That was a error . There schould be a caret for it.  Im talking about the solution method.

No, I cannot clean the in part because it is used in the process*  methods

The  processData:  can also be deleted . I think Its  a part of a earlier try to solve it.

and yes. the ram is the same at both places. Is there then a better way to pass the stream around.

and of course thanks for the feedback.

Roelof



Op 2-1-2020 om 14:27 schreef Ben Coman:
Hi Roelof,

I presume its working since you only asked for code smells.   
It looks pretty good to me with methods generally being small and doing one thing.    

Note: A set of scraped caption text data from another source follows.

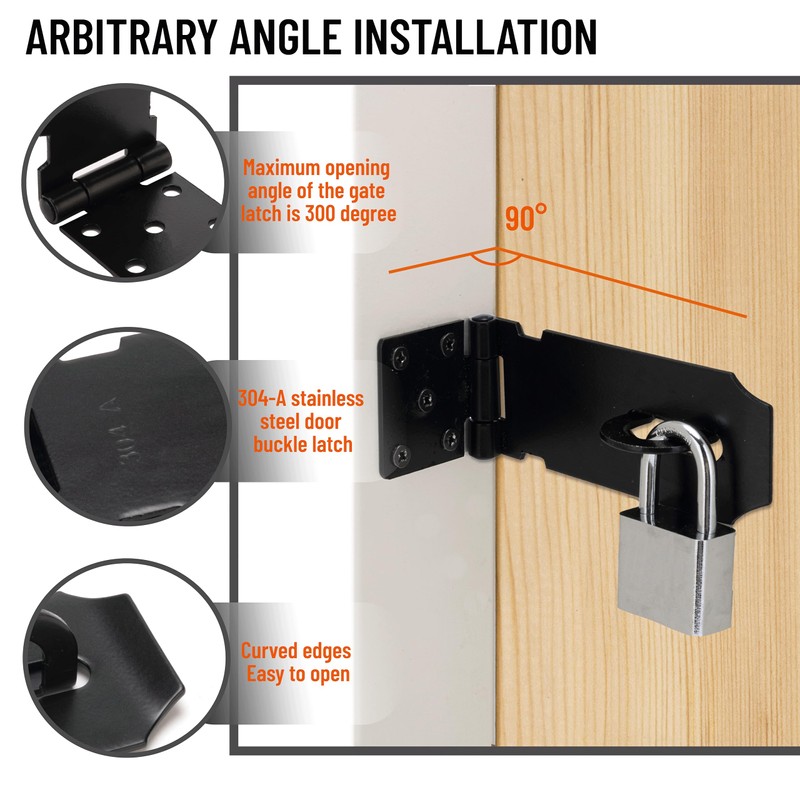 5"Heavy Duty Door Lock Hasp Latch-1 Pack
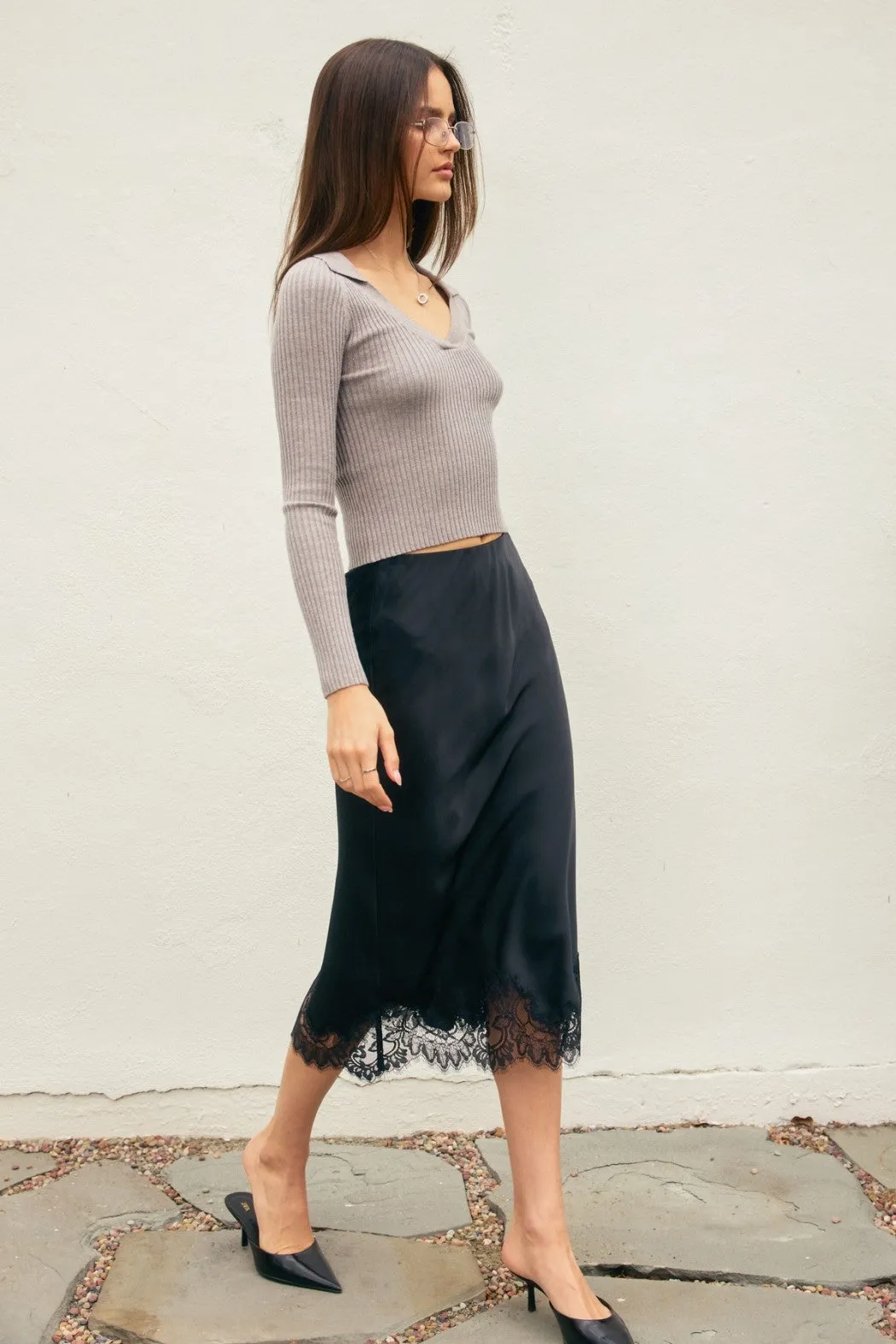 Satin Lace Midi Skirt - Black sold by Maude product image thumbnail 2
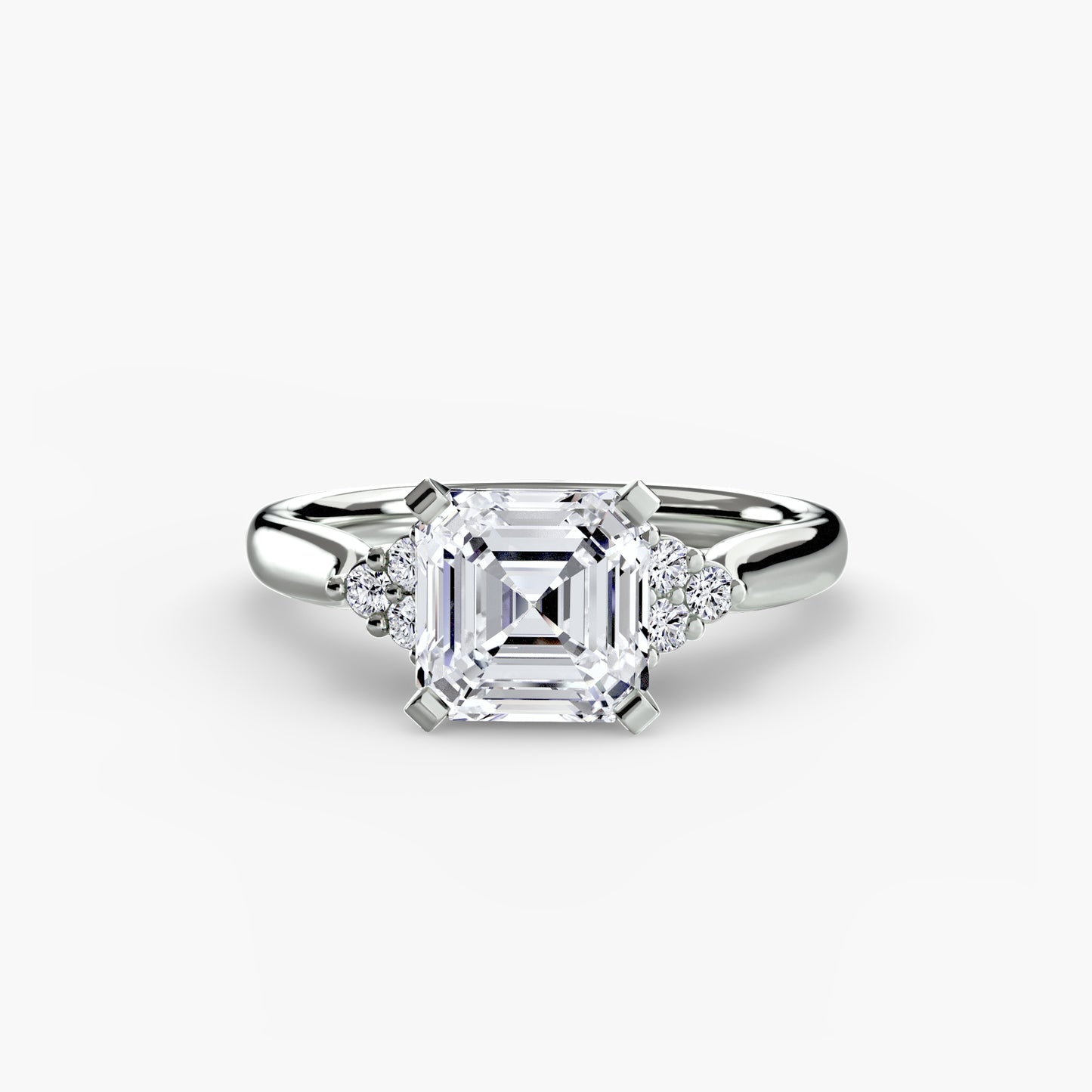 The "Riley" Classic Solitaire with Cluster Accents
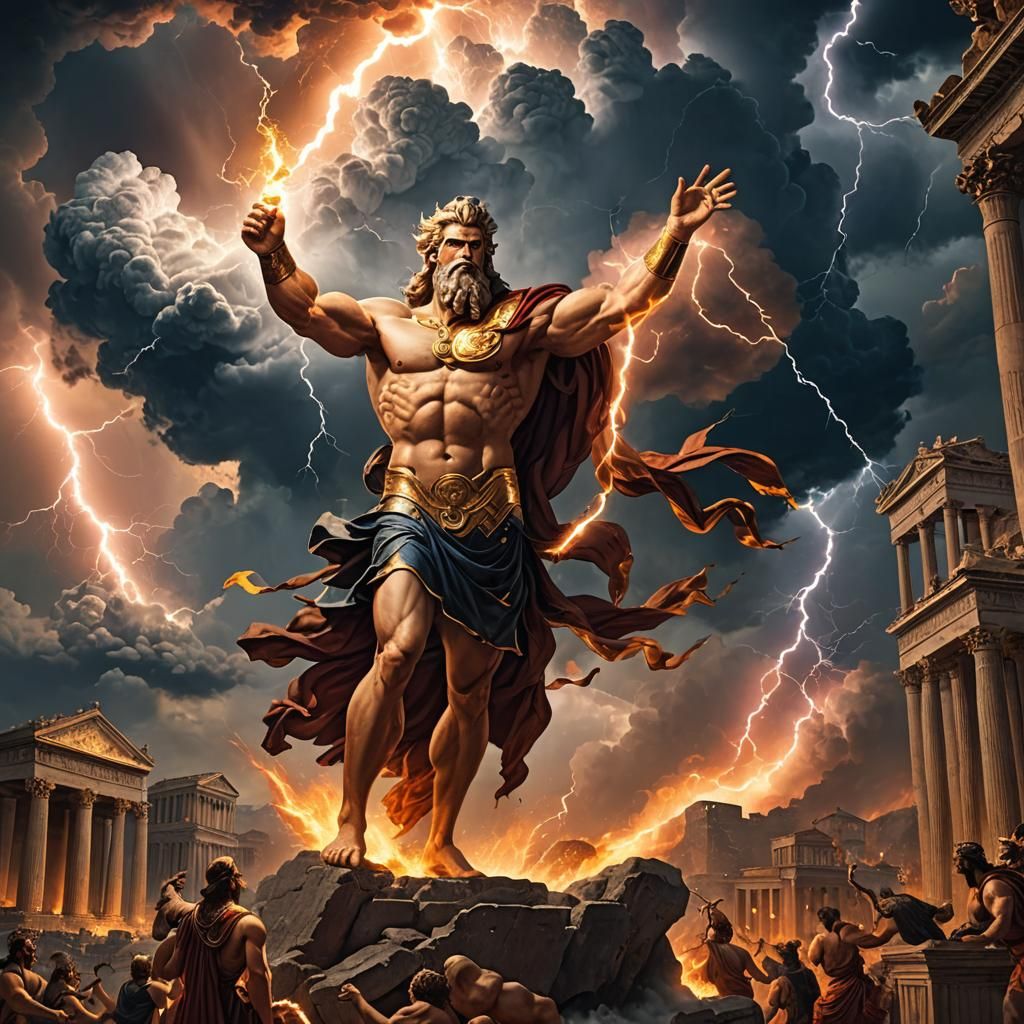 Zeus Dominating Clouds and Ancient City With Lightning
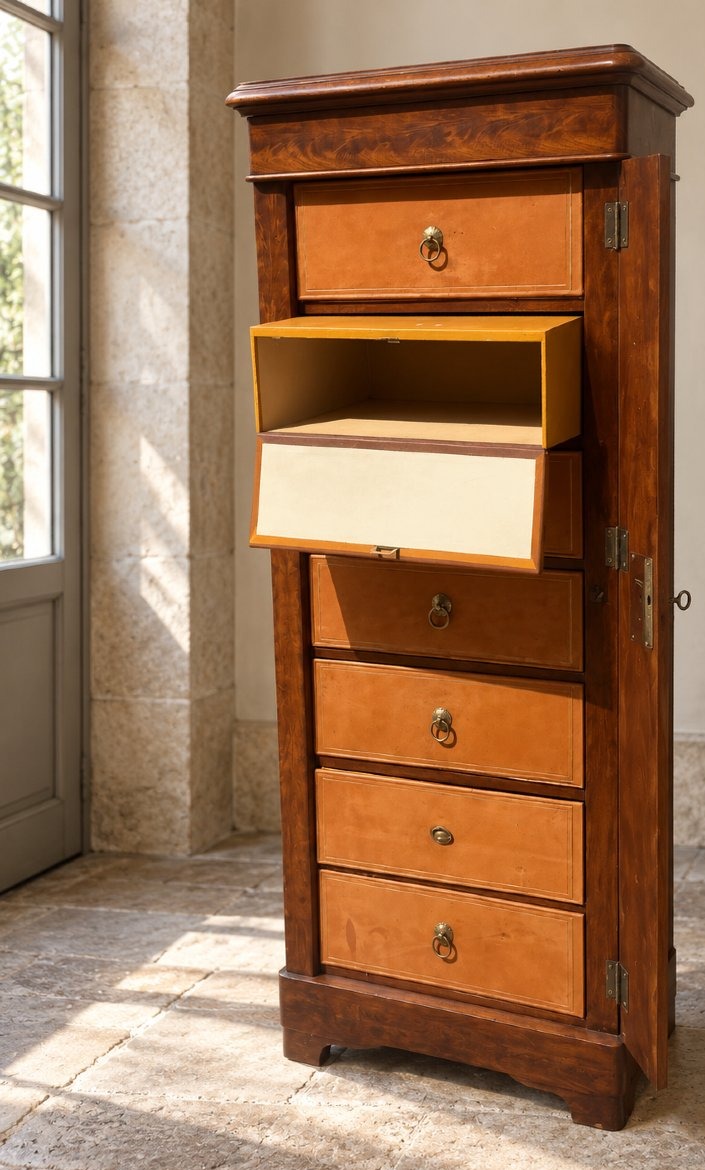 Petit cartonnier en acajou de Cuba et cuir — Époque Louis-Philippe, milieu du XIXᵉ siècle-photo-2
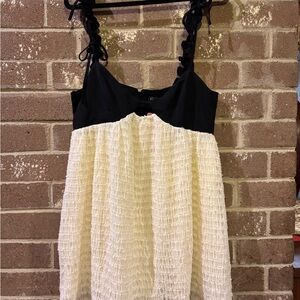 Blue Blush Black and Cream Textured Dress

The way your class-side-method "IntComputer class >> solution" just creates an instance and sends #process is good.
I'm a little curious that it doesn't return a value.  #process returns a value but nothing is done with it.  I guess the test-frame doesn't require it.

The way zero-index ram access is encapsulated by  #at:  and   #at:put:  is good.

Possible cleanup,  #in and #in: don't seem required since variable "in" is used directly in the rest of the code, which is fine.

The hardcoded  #masses  return value is fine, except it makes the "masses" class variable redundant.

Your various #processXXX methods are succinct and consume the stream neatly.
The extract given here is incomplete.